An exact transcription of all the entries is needed; pictures stay out.

### DATA SHOWN
--
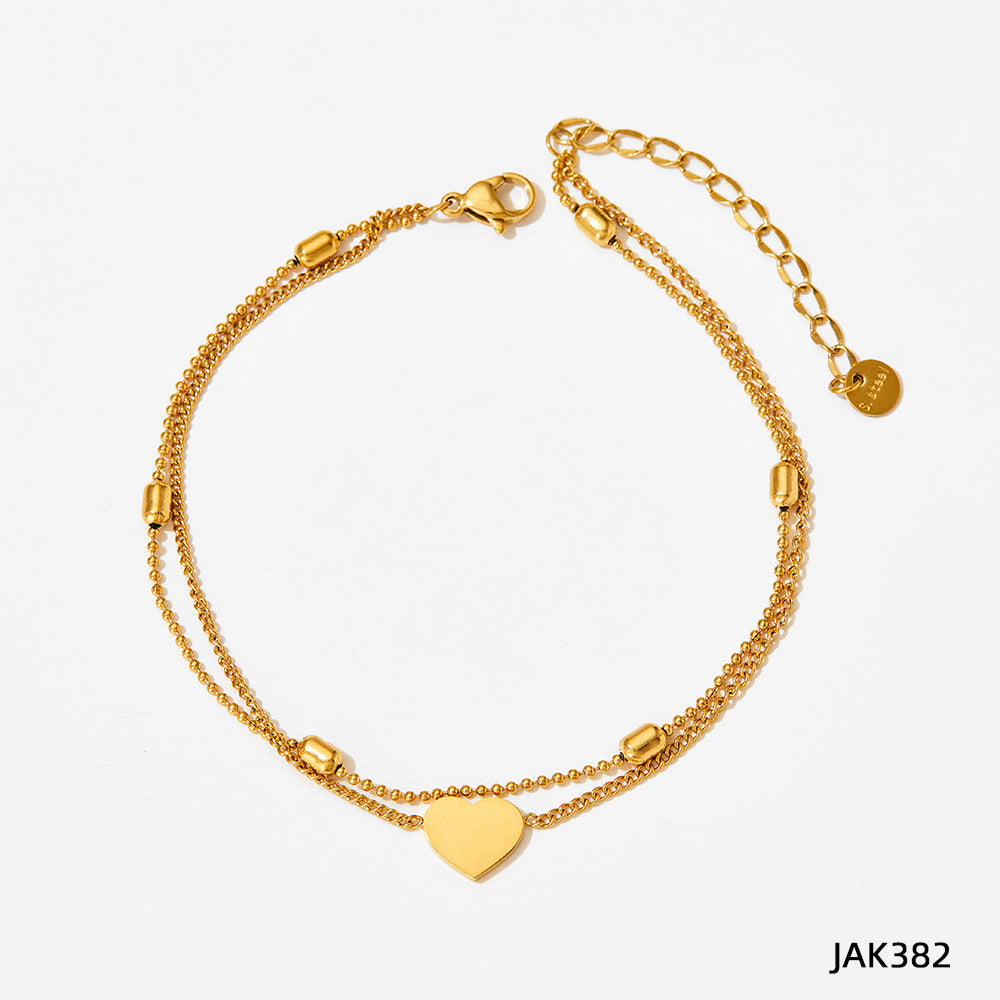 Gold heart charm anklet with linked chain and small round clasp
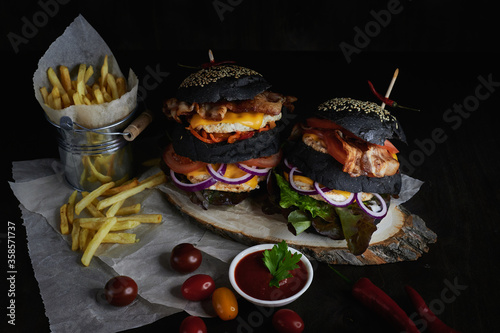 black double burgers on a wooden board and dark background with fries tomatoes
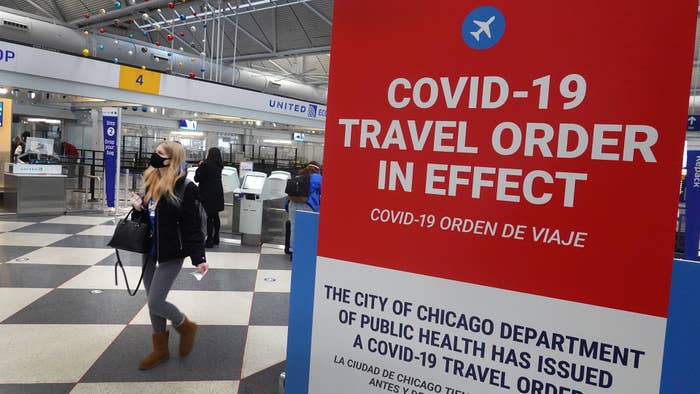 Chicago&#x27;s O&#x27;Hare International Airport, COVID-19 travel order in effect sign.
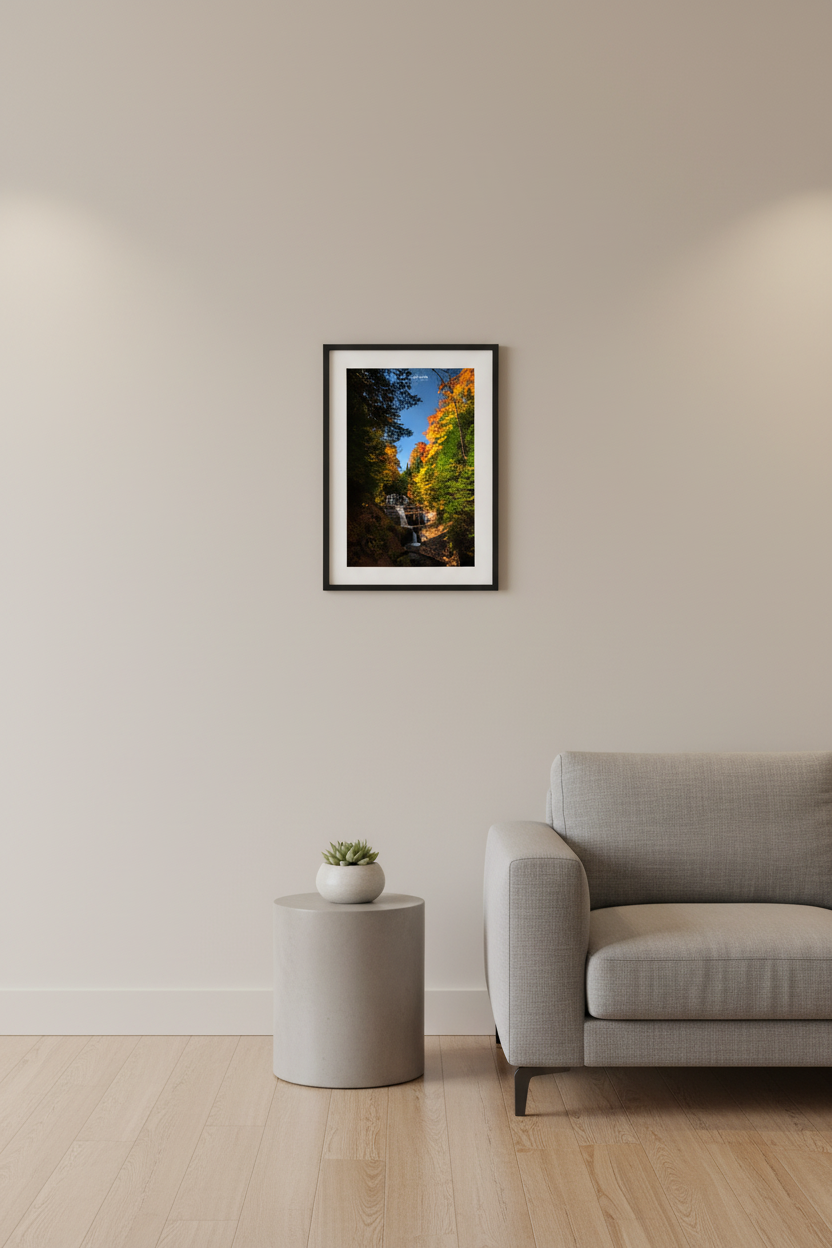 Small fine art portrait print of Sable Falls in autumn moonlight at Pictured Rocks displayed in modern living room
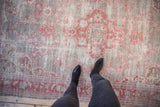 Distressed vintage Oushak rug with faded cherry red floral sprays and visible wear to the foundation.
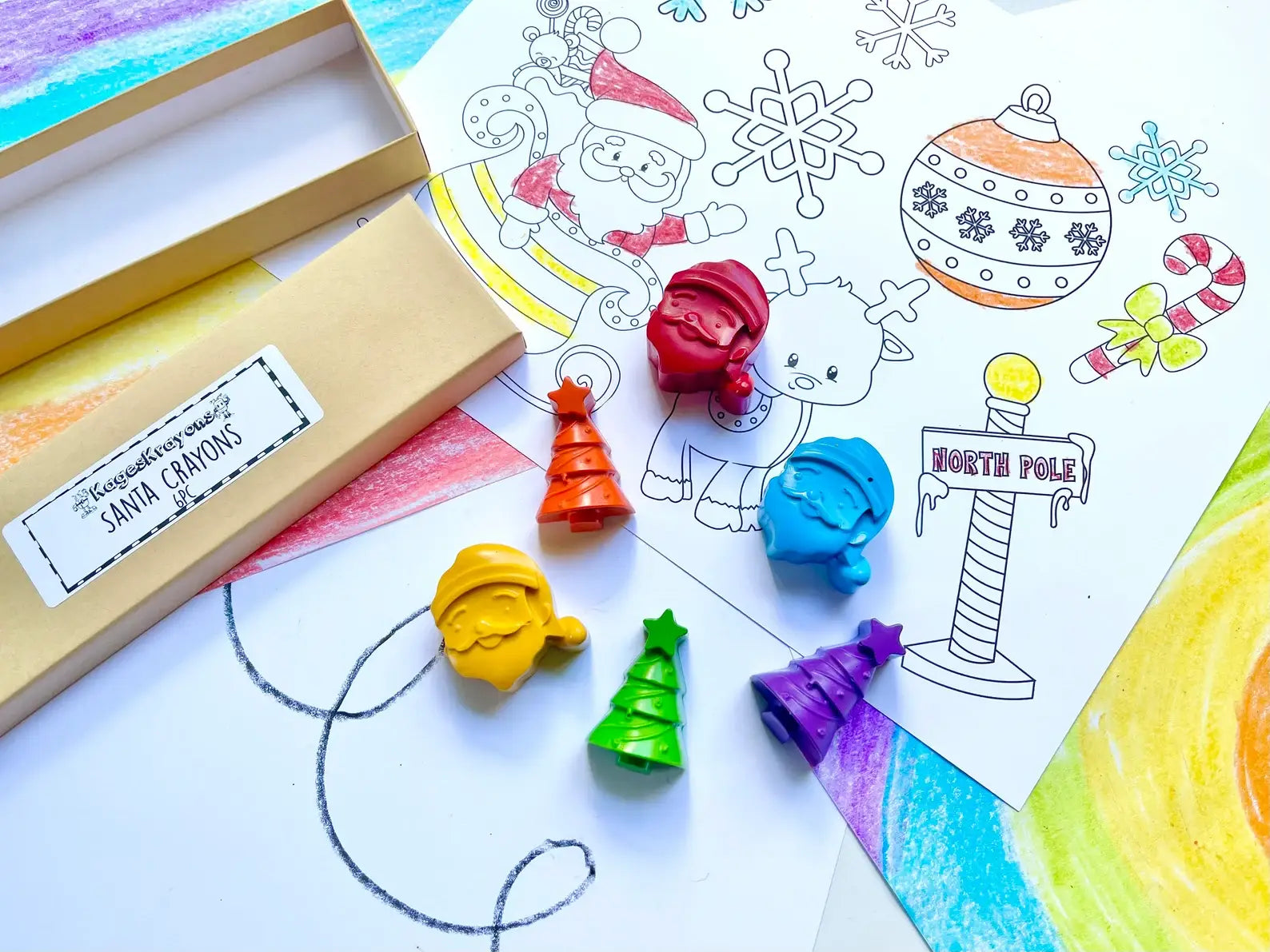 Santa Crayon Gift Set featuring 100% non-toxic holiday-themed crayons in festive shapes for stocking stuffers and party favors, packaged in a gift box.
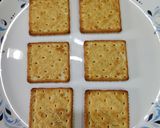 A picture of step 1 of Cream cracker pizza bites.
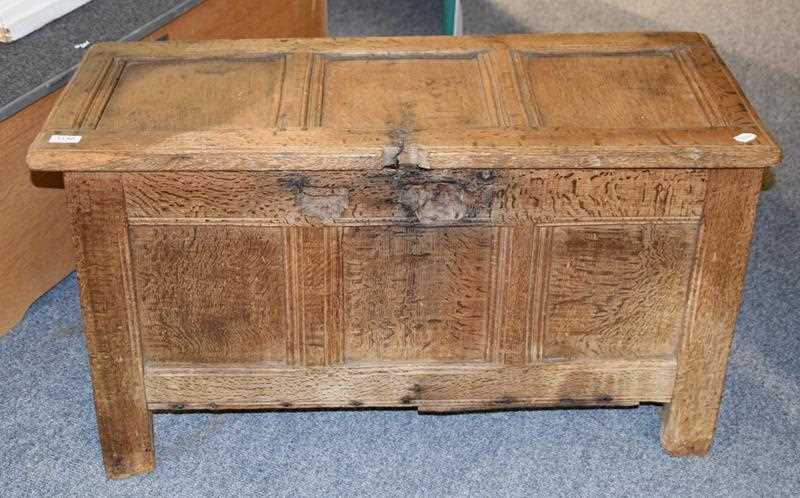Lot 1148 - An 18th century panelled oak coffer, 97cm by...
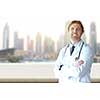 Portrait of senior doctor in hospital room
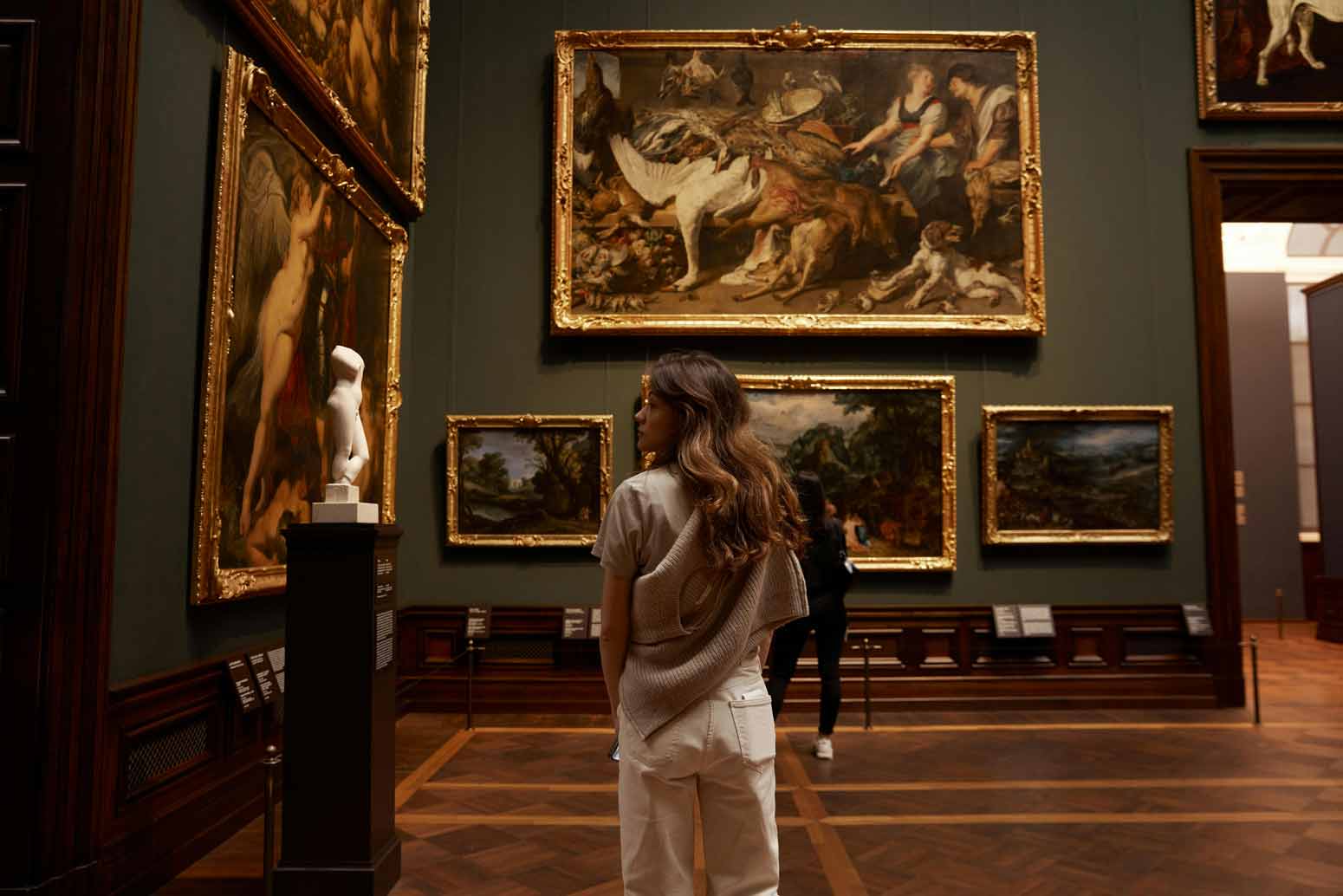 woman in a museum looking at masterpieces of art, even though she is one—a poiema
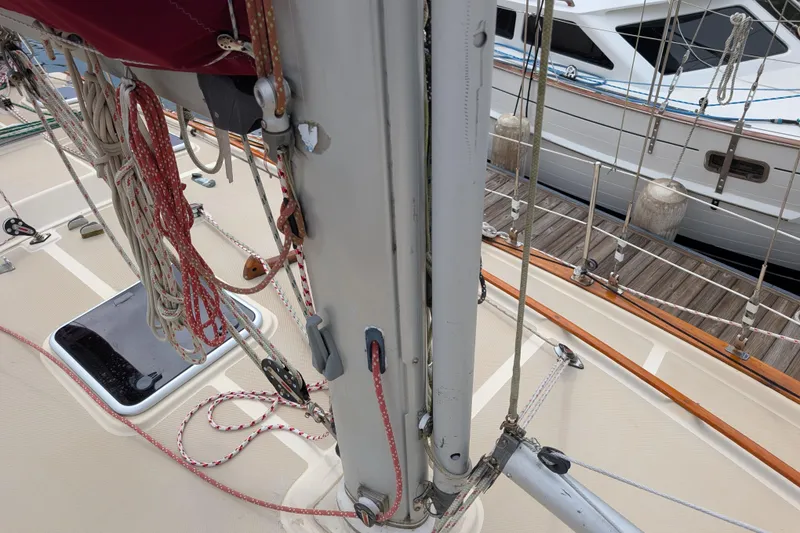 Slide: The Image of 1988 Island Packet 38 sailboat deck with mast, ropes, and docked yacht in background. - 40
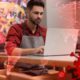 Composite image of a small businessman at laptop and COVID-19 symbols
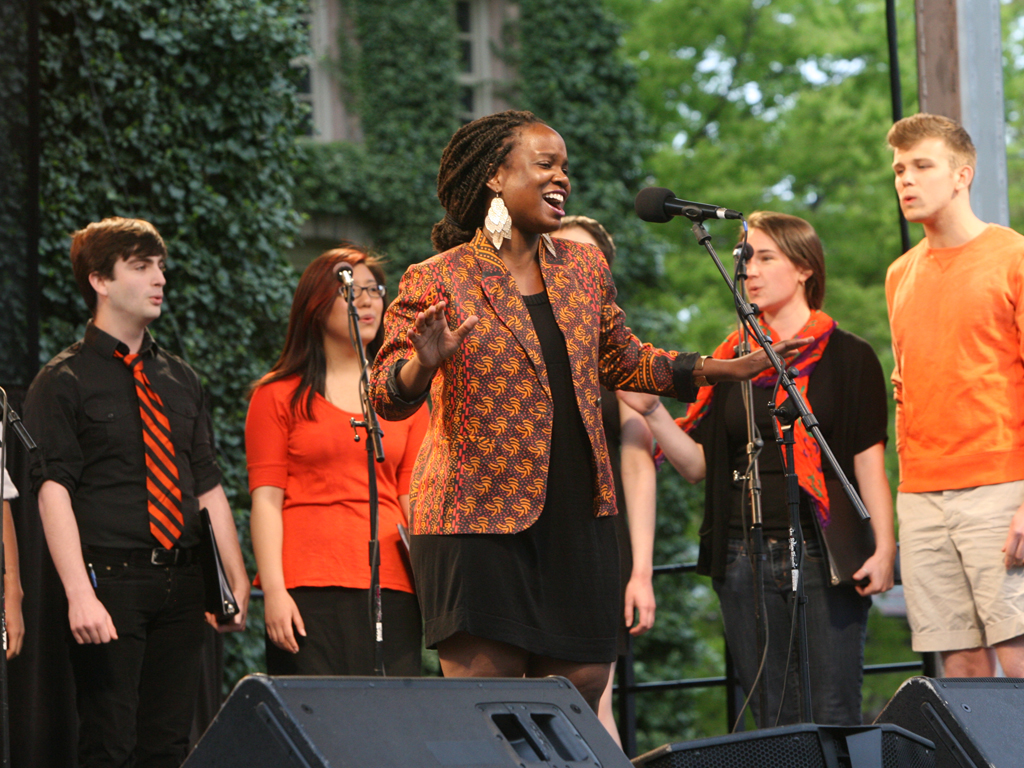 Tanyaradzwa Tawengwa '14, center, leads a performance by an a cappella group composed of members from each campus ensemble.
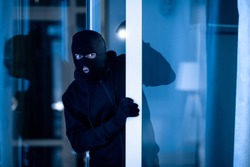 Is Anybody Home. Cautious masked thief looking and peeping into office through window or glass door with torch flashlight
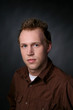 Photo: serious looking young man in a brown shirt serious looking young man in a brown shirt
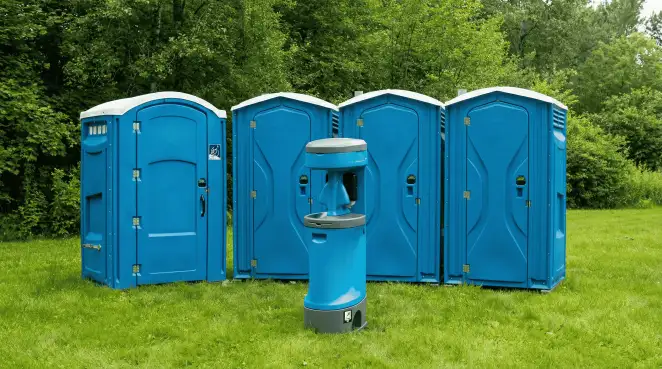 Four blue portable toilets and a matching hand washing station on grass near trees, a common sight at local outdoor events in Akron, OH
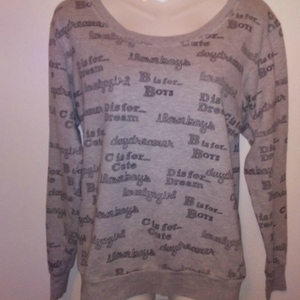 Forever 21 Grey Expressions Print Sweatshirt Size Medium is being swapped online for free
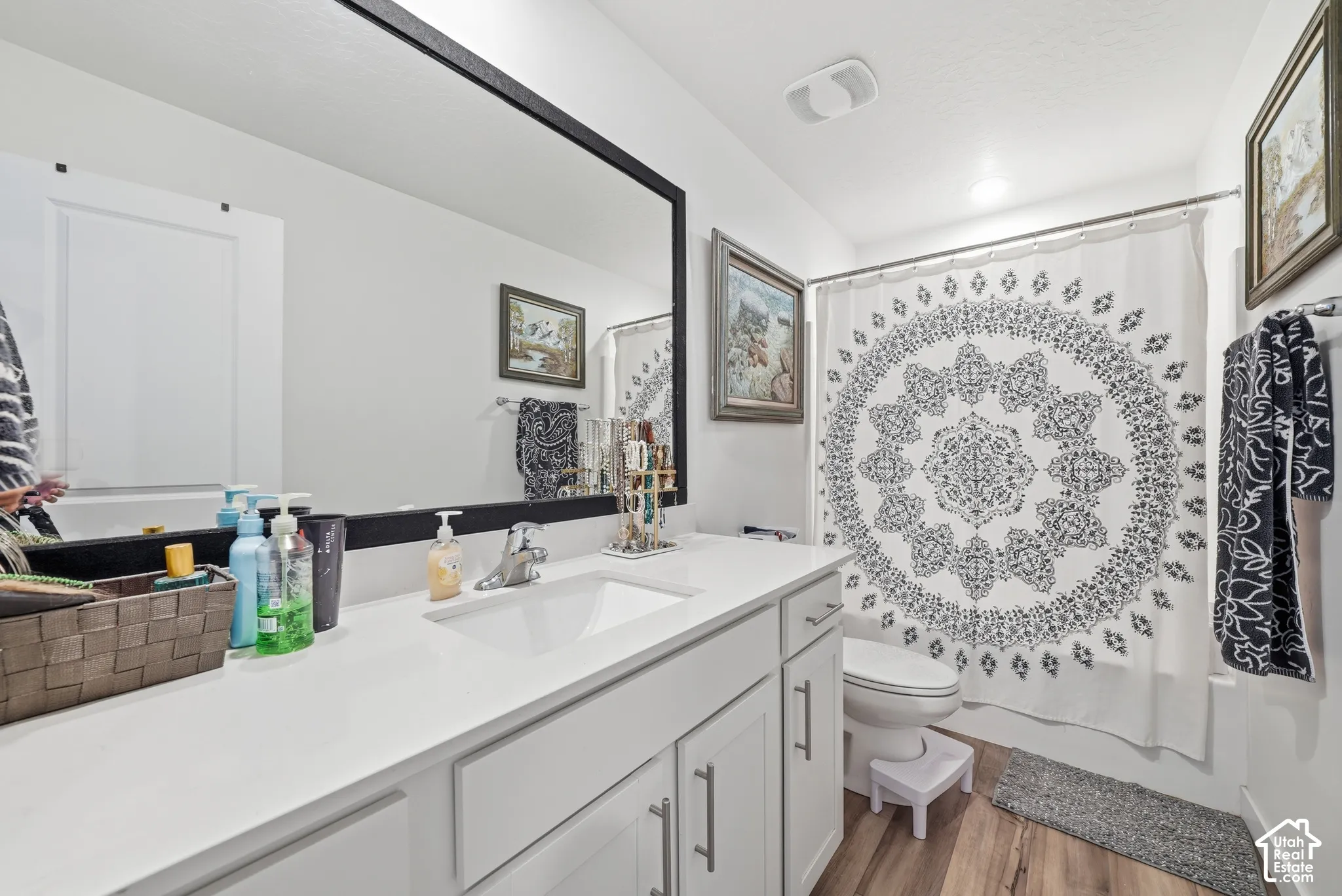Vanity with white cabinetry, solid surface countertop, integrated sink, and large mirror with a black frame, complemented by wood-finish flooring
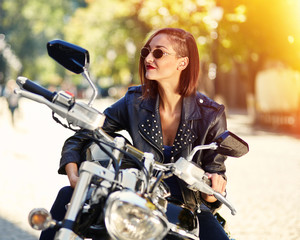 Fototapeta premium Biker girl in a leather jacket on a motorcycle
--
### RESPONSE FOR THIS EXERCISE
 Gold heart charm anklet with linked chain and small round clasp
 black double burgers on a wooden board and dark background with fries tomatoes
 Chicago&#x27;s O&#x27;Hare International Airport, COVID-19 travel order in effect sign.
 Small fine art portrait print of Sable Falls in autumn moonlight at Pictured Rocks displayed in modern living room
 Distressed vintage Oushak rug with faded cherry red floral sprays and visible wear to the foundation.
 Santa Crayon Gift Set featuring 100% non-toxic holiday-themed crayons in festive shapes for stocking stuffers and party favors, packaged in a gift box.
 A picture of step 1 of Cream cracker pizza bites.
Lot 1148 - An 18th century panelled oak coffer, 97cm by...
 Portrait of senior doctor in hospital room
 woman in a museum looking at masterpieces of art, even though she is one—a poiema
 Slide: The Image of 1988 Island Packet 38 sailboat deck with mast, ropes, and docked yacht in background. - 40
 Composite image of a small businessman at laptop and COVID-19 symbols
 Tanyaradzwa Tawengwa '14, center, leads a performance by an a cappella group composed of members from each campus ensemble.
 Is Anybody Home. Cautious masked thief looking and peeping into office through window or glass door with torch flashlight
 Photo: serious looking young man in a brown shirt serious looking young man in a brown shirt
 Four blue portable toilets and a matching hand washing station on grass near trees, a common sight at local outdoor events in Akron, OH
 Forever 21 Grey Expressions Print Sweatshirt Size Medium is being swapped online for free
Vanity with white cabinetry, solid surface countertop, integrated sink, and large mirror with a black frame, complemented by wood-finish flooring
 Fototapeta premium Biker girl in a leather jacket on a motorcycle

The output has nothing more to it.